**REQUIREMENT**
A precise repetition of every line below is the required answer.

**SUPPLIED INFORMATION**
..........

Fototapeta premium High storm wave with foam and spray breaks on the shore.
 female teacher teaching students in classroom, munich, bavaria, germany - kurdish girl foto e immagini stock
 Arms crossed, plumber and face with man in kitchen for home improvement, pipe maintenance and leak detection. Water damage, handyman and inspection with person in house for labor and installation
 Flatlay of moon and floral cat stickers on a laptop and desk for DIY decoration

..........

**TASK ANSWER**
Fototapeta premium High storm wave with foam and spray breaks on the shore.
 female teacher teaching students in classroom, munich, bavaria, germany - kurdish girl foto e immagini stock
 Arms crossed, plumber and face with man in kitchen for home improvement, pipe maintenance and leak detection. Water damage, handyman and inspection with person in house for labor and installation
 Flatlay of moon and floral cat stickers on a laptop and desk for DIY decoration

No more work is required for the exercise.